→ **Work instructions**
Any picture must be dropped, but each line of the data should be duplicated exactly.

→ **Image-caption web data**
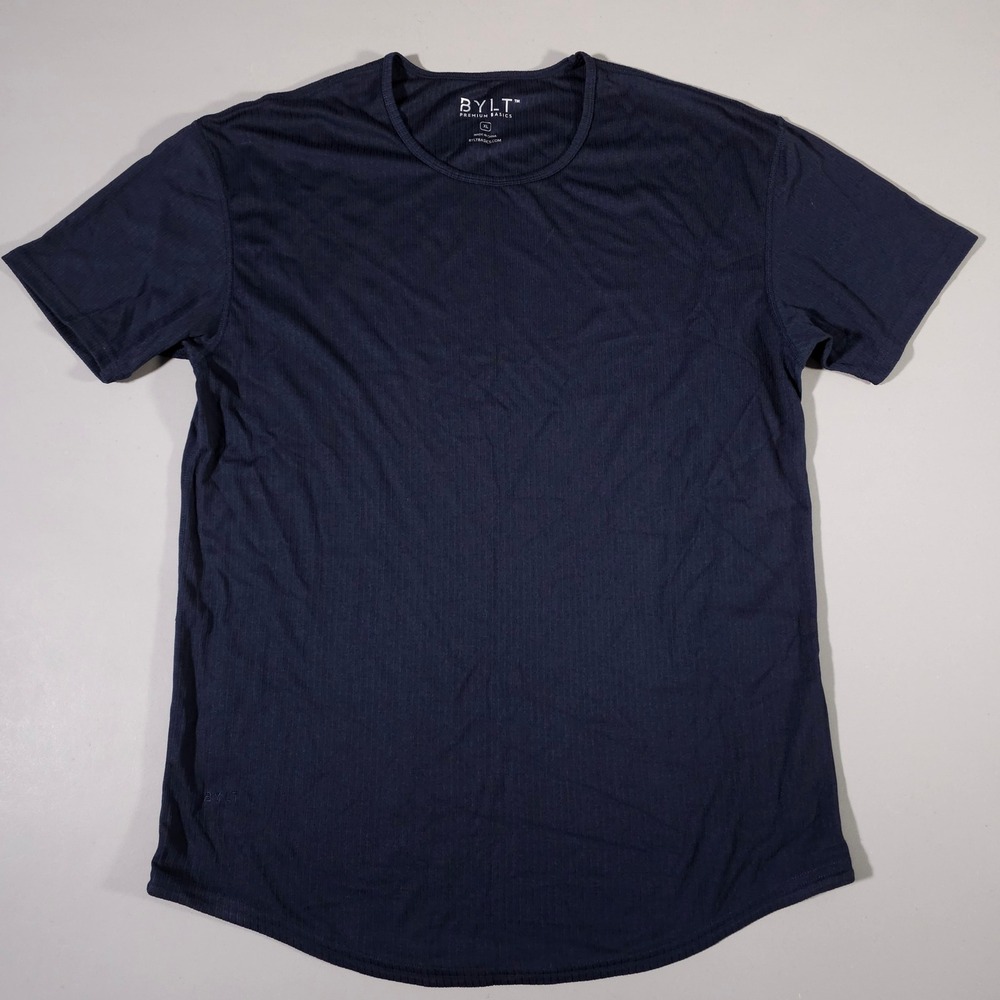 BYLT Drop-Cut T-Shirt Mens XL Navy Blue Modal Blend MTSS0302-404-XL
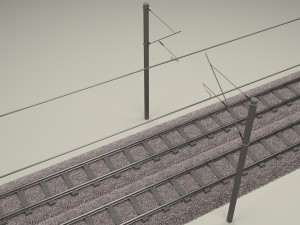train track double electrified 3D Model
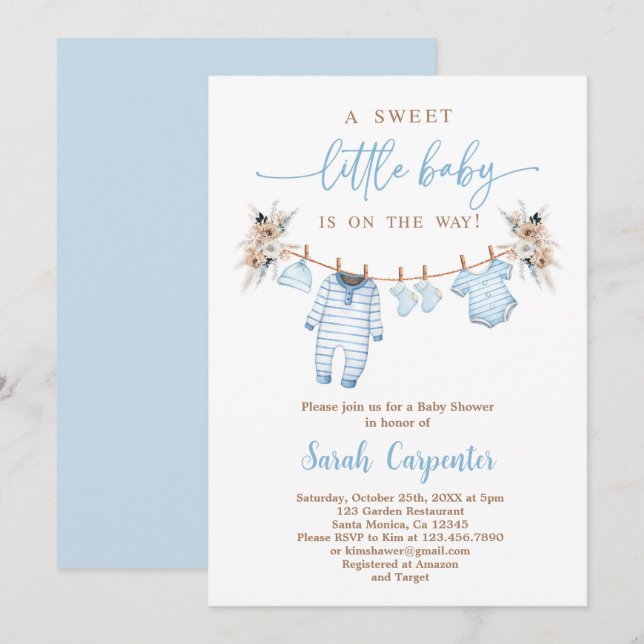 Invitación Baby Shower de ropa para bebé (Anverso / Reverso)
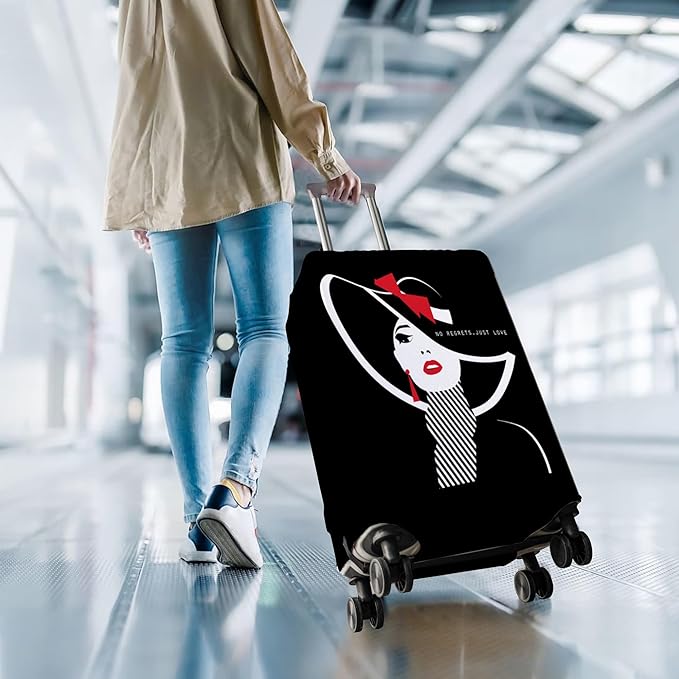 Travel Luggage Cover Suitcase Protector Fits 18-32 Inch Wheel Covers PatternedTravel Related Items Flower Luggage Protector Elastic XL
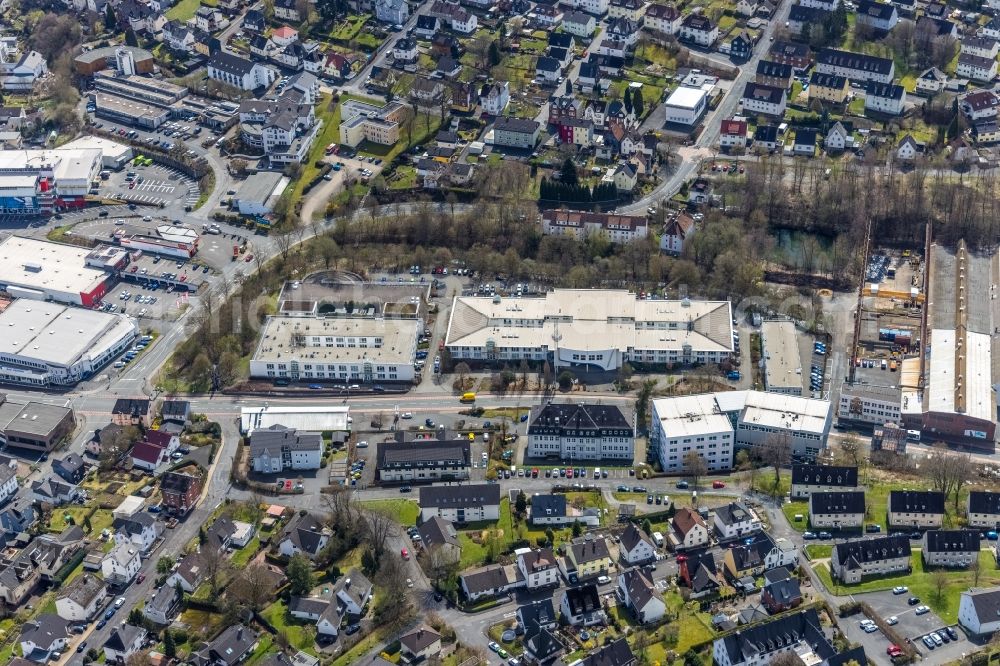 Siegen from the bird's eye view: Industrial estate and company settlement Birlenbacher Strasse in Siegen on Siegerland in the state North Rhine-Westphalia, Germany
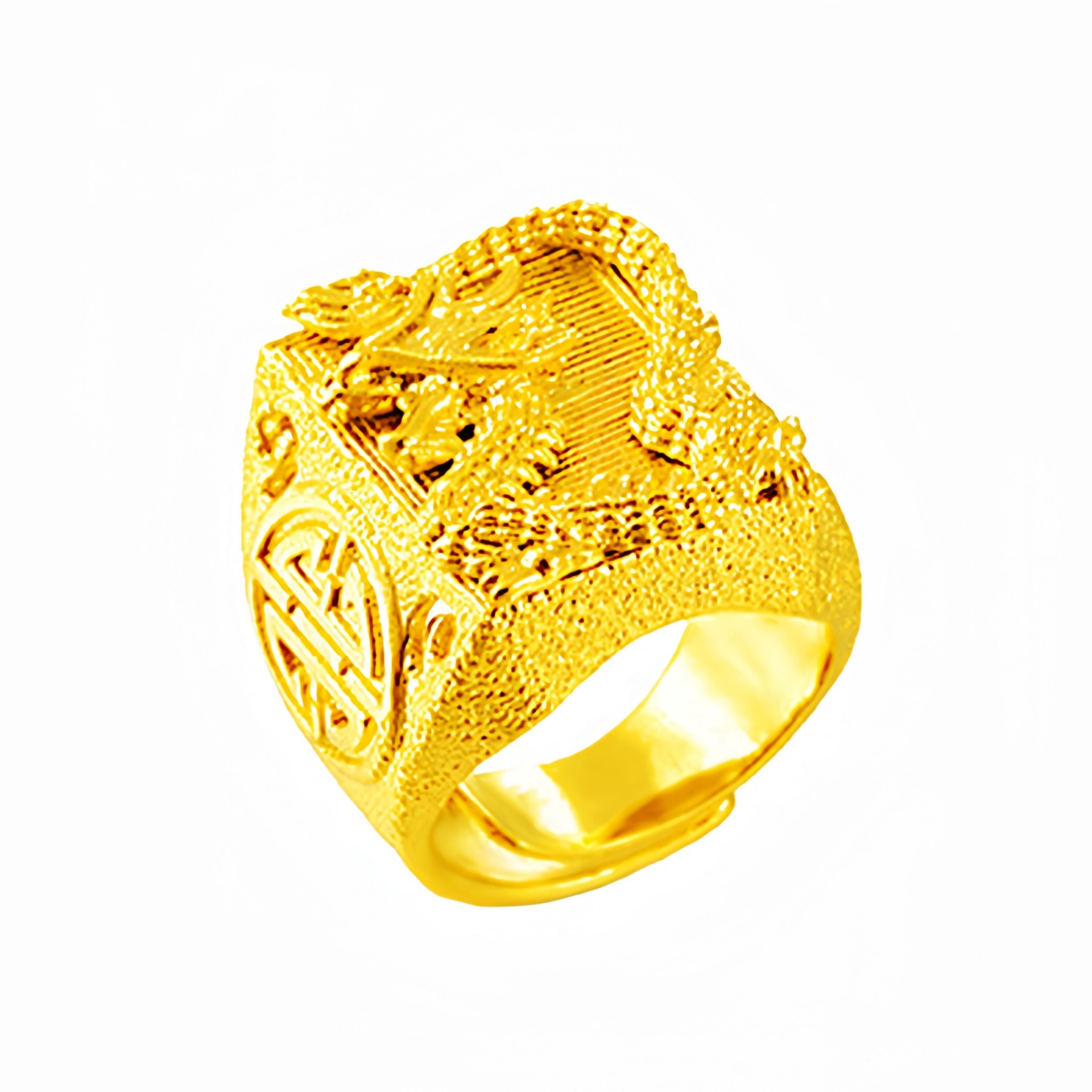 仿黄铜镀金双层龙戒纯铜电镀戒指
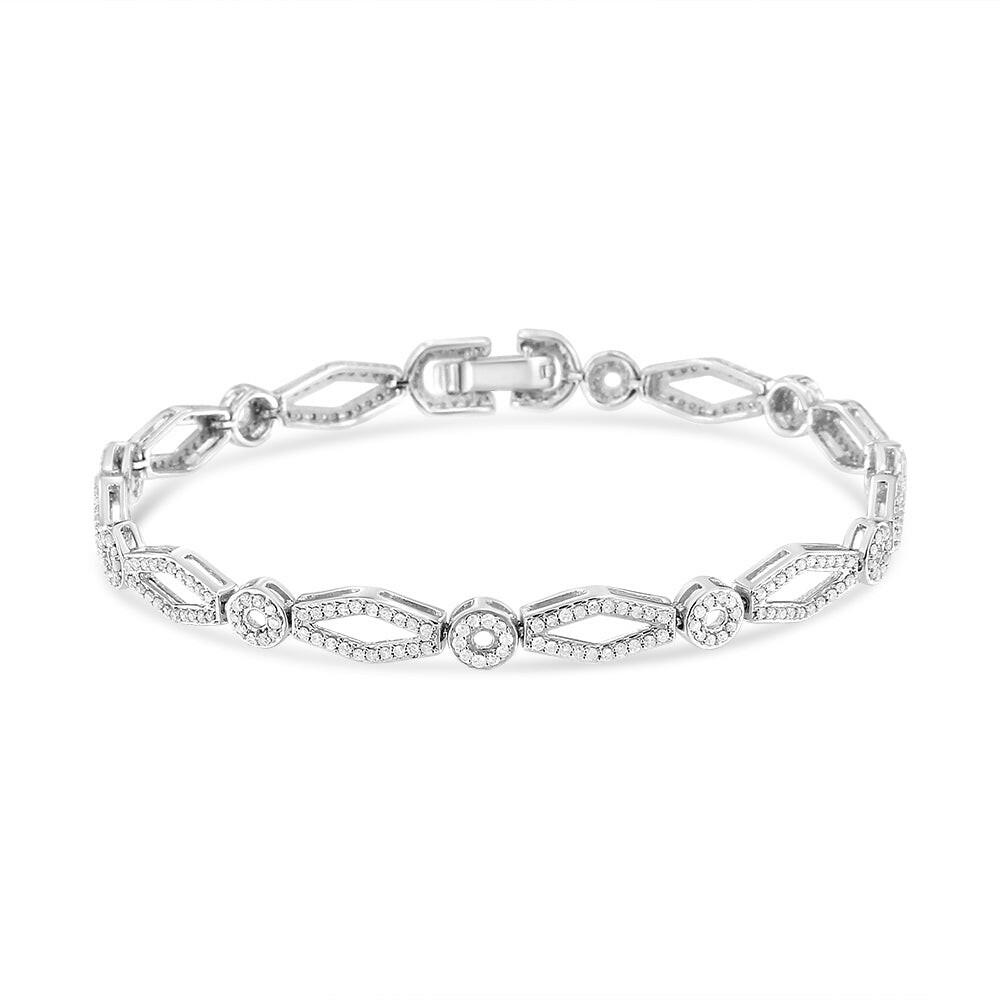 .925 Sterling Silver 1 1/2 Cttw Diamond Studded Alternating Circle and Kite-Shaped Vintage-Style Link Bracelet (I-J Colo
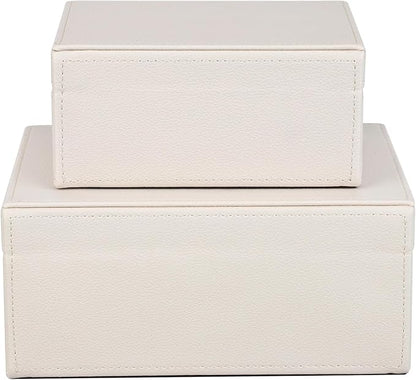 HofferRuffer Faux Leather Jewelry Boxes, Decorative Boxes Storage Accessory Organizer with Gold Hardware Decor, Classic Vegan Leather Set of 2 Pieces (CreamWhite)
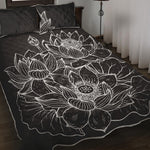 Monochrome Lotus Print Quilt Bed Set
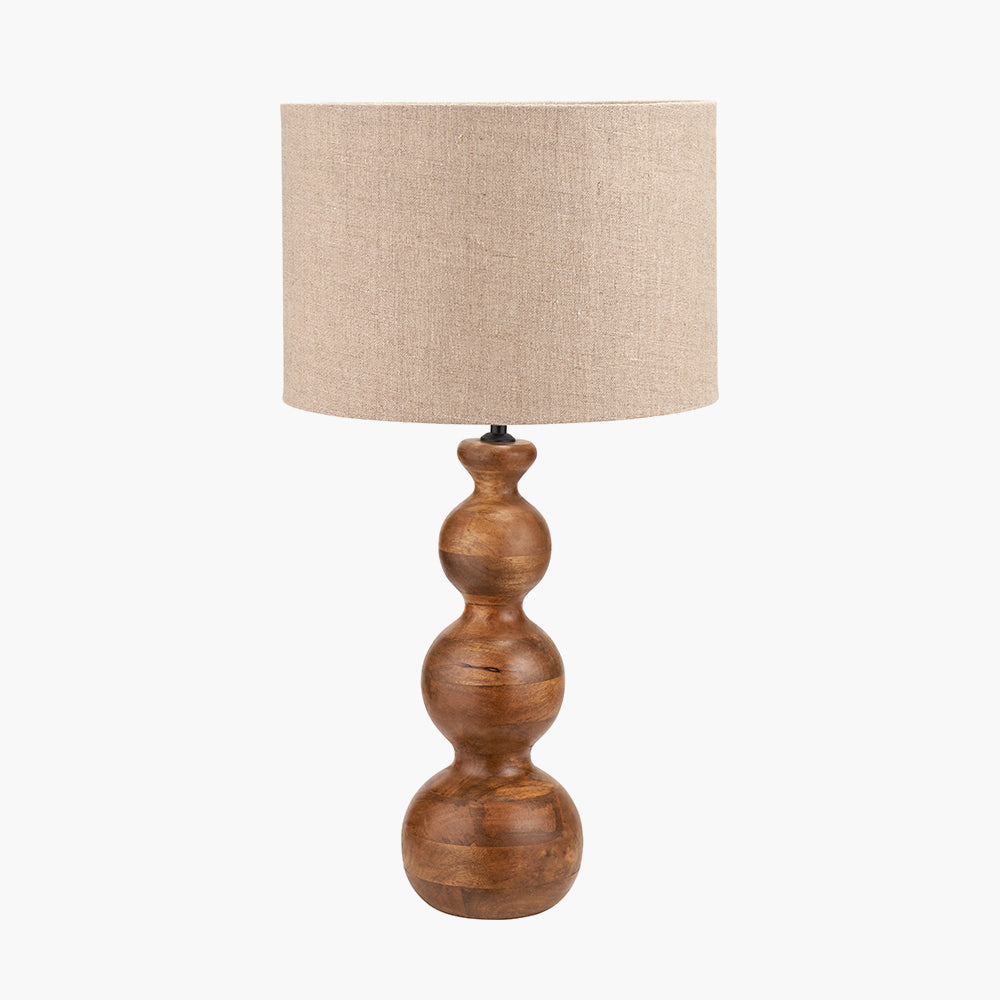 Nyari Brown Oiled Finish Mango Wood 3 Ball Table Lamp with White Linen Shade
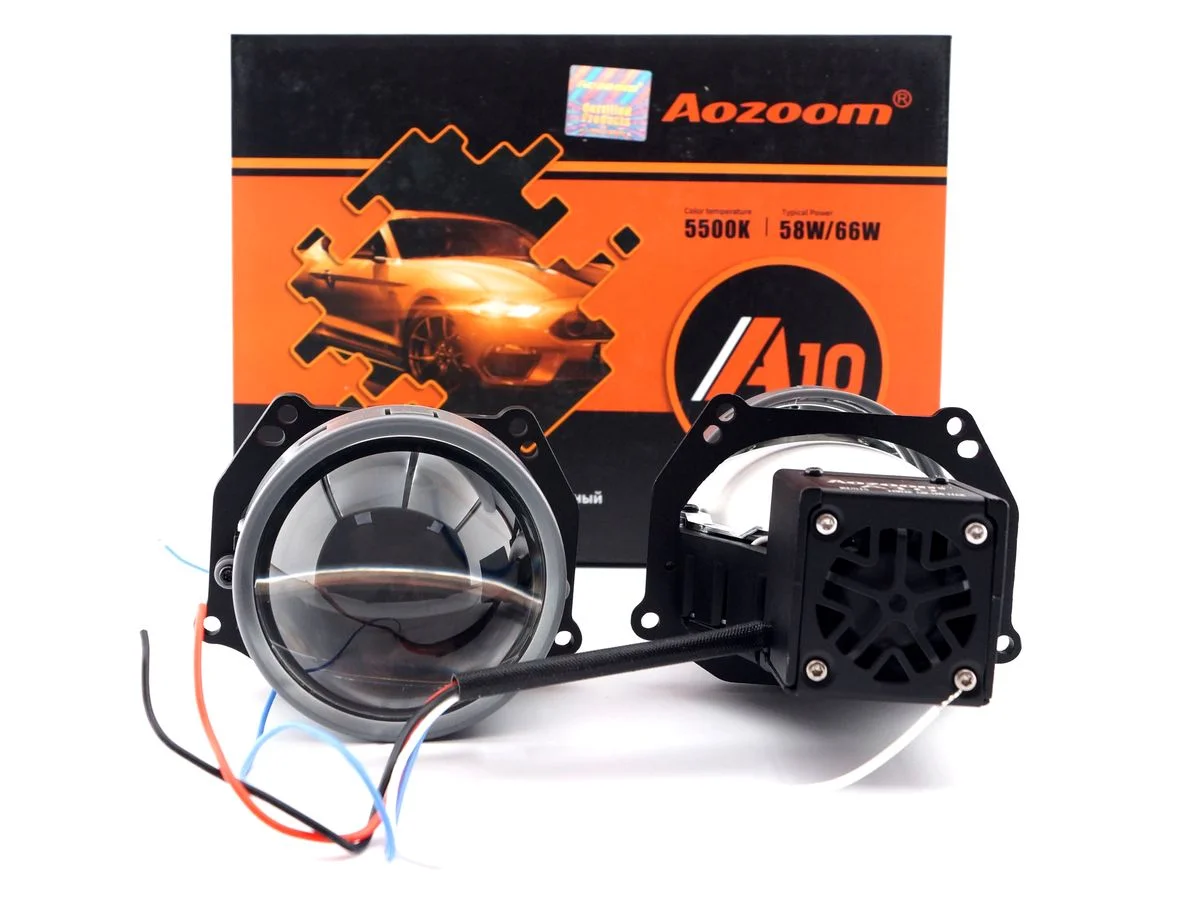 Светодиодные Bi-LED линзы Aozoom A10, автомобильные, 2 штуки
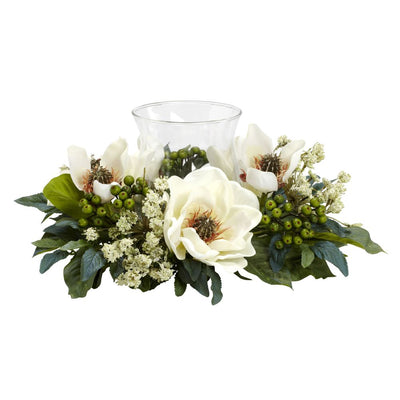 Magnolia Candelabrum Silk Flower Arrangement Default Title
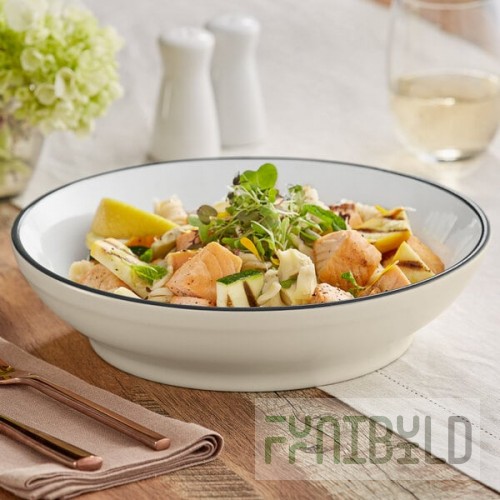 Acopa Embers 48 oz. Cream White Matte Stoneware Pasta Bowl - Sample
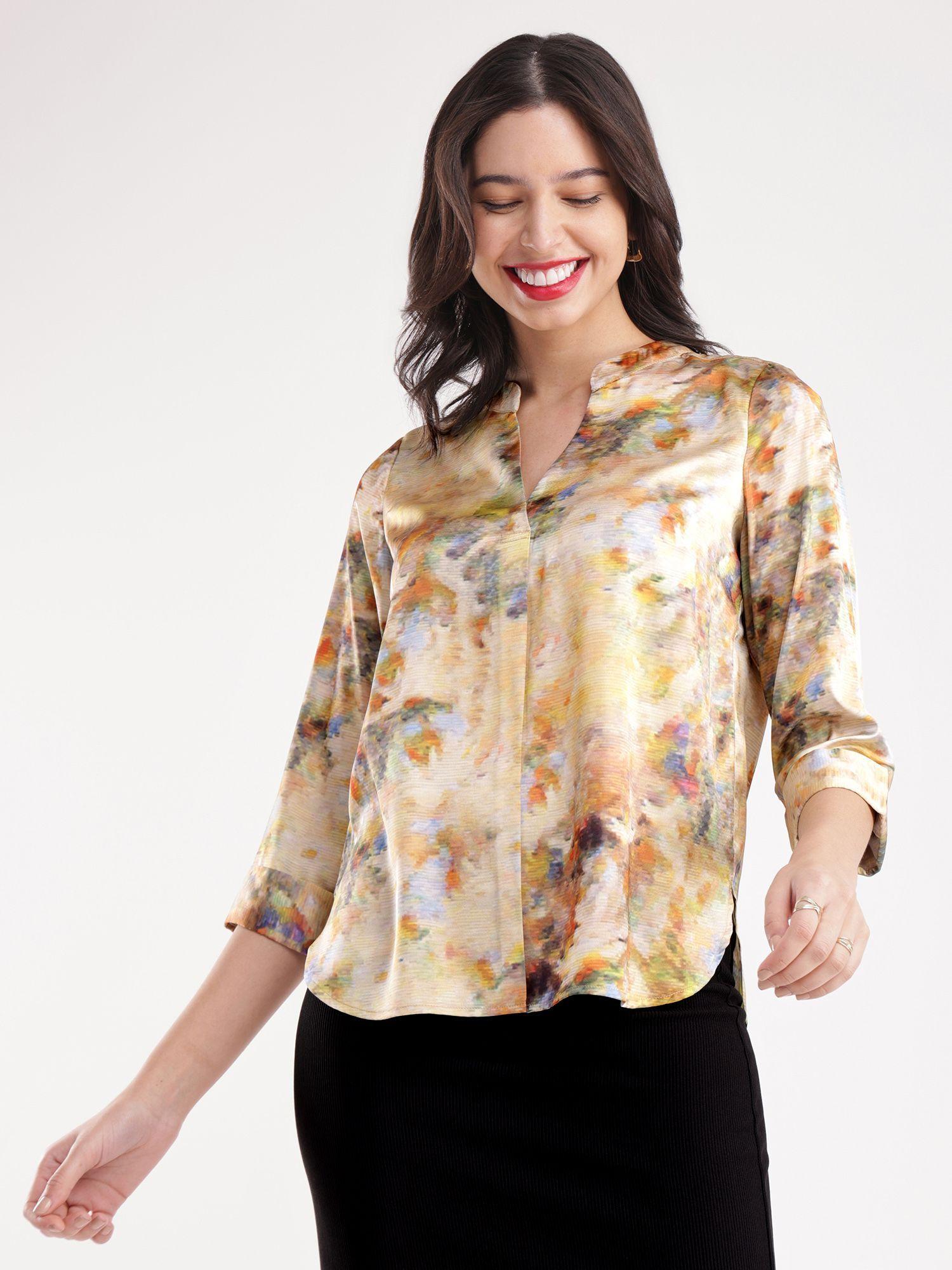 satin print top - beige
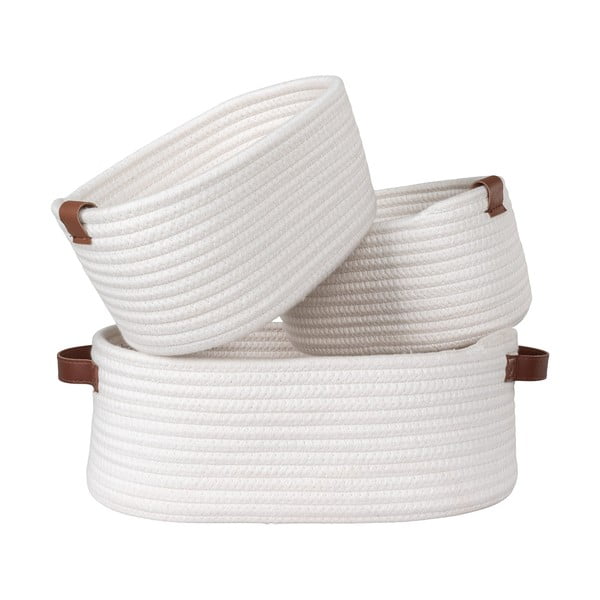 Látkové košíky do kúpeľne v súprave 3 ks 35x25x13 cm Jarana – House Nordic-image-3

→ **Written response**
 BYLT Drop-Cut T-Shirt Mens XL Navy Blue Modal Blend MTSS0302-404-XL
train track double electrified 3D Model
 Invitación Baby Shower de ropa para bebé (Anverso / Reverso)
 Travel Luggage Cover Suitcase Protector Fits 18-32 Inch Wheel Covers PatternedTravel Related Items Flower Luggage Protector Elastic XL
 Siegen from the bird's eye view: Industrial estate and company settlement Birlenbacher Strasse in Siegen on Siegerland in the state North Rhine-Westphalia, Germany
 仿黄铜镀金双层龙戒纯铜电镀戒指
 .925 Sterling Silver 1 1/2 Cttw Diamond Studded Alternating Circle and Kite-Shaped Vintage-Style Link Bracelet (I-J Colo
 HofferRuffer Faux Leather Jewelry Boxes, Decorative Boxes Storage Accessory Organizer with Gold Hardware Decor, Classic Vegan Leather Set of 2 Pieces (CreamWhite)
 Monochrome Lotus Print Quilt Bed Set
 Nyari Brown Oiled Finish Mango Wood 3 Ball Table Lamp with White Linen Shade
 Светодиодные Bi-LED линзы Aozoom A10, автомобильные, 2 штуки
 Magnolia Candelabrum Silk Flower Arrangement Default Title
 Acopa Embers 48 oz. Cream White Matte Stoneware Pasta Bowl - Sample
 satin print top - beige
 Látkové košíky do kúpeľne v súprave 3 ks 35x25x13 cm Jarana – House Nordic-image-3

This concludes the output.